Records supplied |
++++++++++++++++++++
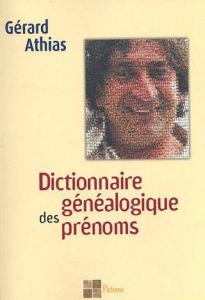 Dictionnaire généalogique des prénoms - Athias Gérard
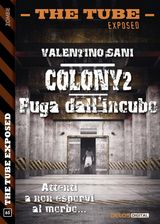 COLONY2 - FUGA DALL&APOS;INCUBO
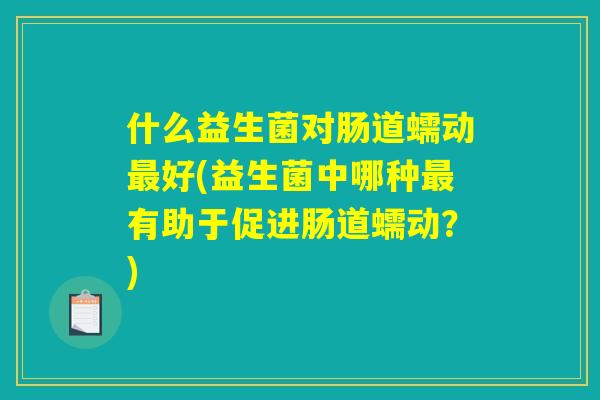 什么益生菌对肠道蠕动最好(益生菌中哪种最有助于促进肠道蠕动？)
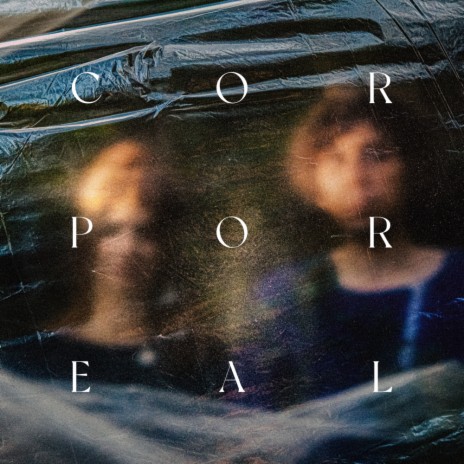 Corporeal (Single Edit) ft. Giulia Gallina | Boomplay Music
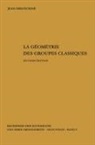 Jean Dieudonne - La geometrie des groupes classiques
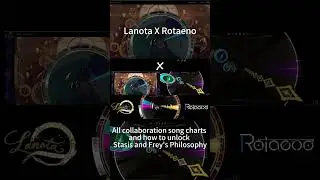 【Lanota X Rotaeno】All collab song charts and how to unlock Stasis and Frey's Philosophy#shorts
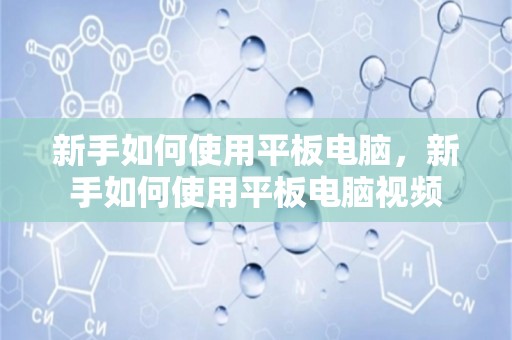 新手如何使用平板电脑，新手如何使用平板电脑视频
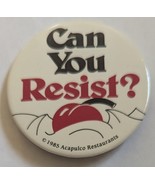 Can You  Resist?  1985 Acapulco Restaurants Pinback  - $91.09 MXN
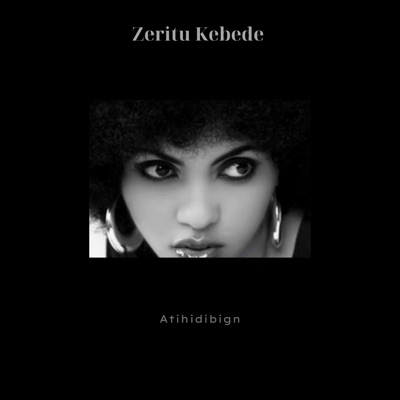 Song - Akal Lakal - Zeritu Kebede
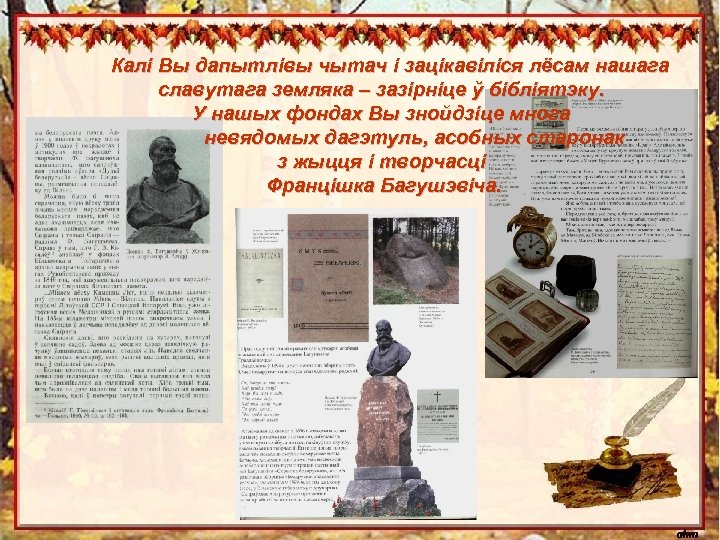 Калі Вы дапытлівы чытач і зацікавіліся лёсам нашага славутага земляка – зазірніце ў бібліятэку.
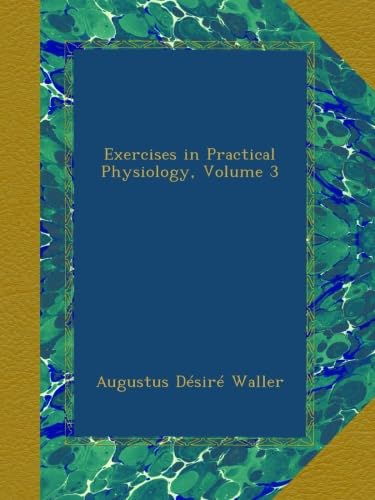 Exercises in Practical Physiology, Volume 3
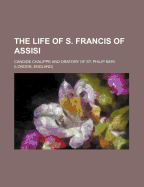 The Life of S. Francis of Assisi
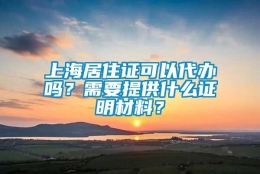 上海居住证可以代办吗？需要提供什么证明材料？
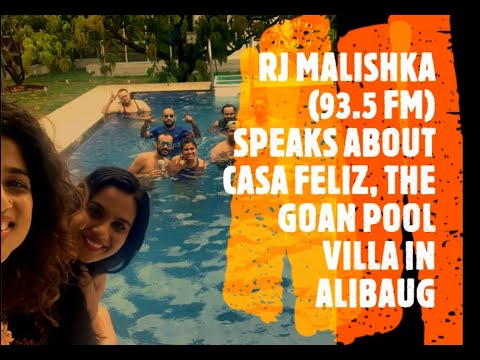 RJ MALISHKA | 93.5 RED FM | @CASA FELIZ, THE GOAN POOL VILLA | ALIBAUG | FEEDBACK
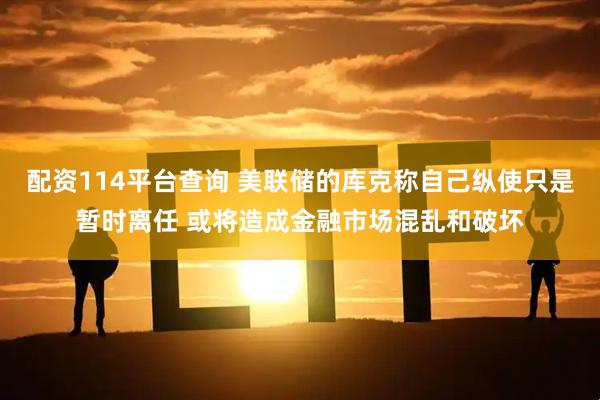 配资114平台查询 美联储的库克称自己纵使只是暂时离任 或将造成金融市场混乱和破坏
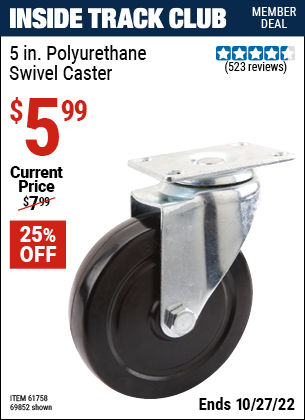 Inside Track Club members can buy the 5 in. Polyurethane Heavy Duty Swivel Caster (Item 69852/61758) for $5.99, valid through 10/27/2022.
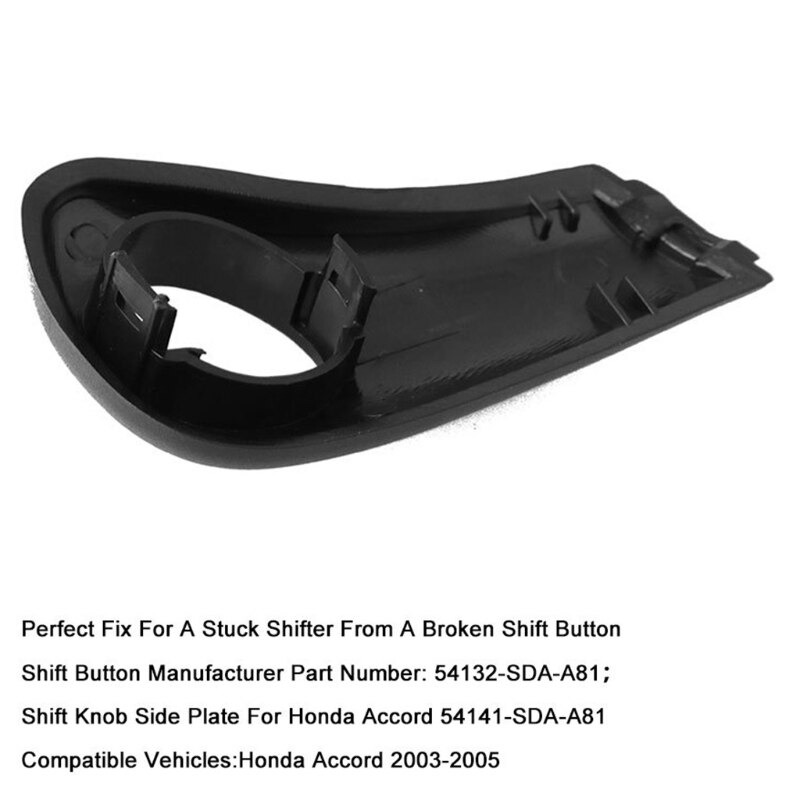 Shift Button Knob Repair Kit + 54141-SDA-A81 Shift Knob Side Plate For 2003-2006 Hon da Accord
++++++++++++++++++++
Problem description | Both the first line of the records above and the line containing "RJ MALISHKA |" belong in the copy; please return them and every line between, exactly, minus the pictures.

Answer area |
 Dictionnaire généalogique des prénoms - Athias Gérard
 COLONY2 - FUGA DALL&APOS;INCUBO
 什么益生菌对肠道蠕动最好(益生菌中哪种最有助于促进肠道蠕动？)
 Corporeal (Single Edit) ft. Giulia Gallina | Boomplay Music
 Jean Dieudonne - La geometrie des groupes classiques
 【Lanota X Rotaeno】All collab song charts and how to unlock Stasis and Frey's Philosophy#shorts
 新手如何使用平板电脑，新手如何使用平板电脑视频
 Can You  Resist?  1985 Acapulco Restaurants Pinback  - $91.09 MXN
 Song - Akal Lakal - Zeritu Kebede
 Калі Вы дапытлівы чытач і зацікавіліся лёсам нашага славутага земляка – зазірніце ў бібліятэку.
 Exercises in Practical Physiology, Volume 3
 The Life of S. Francis of Assisi
 上海居住证可以代办吗？需要提供什么证明材料？
 RJ MALISHKA | 93.5 RED FM | @CASA FELIZ, THE GOAN POOL VILLA | ALIBAUG | FEEDBACK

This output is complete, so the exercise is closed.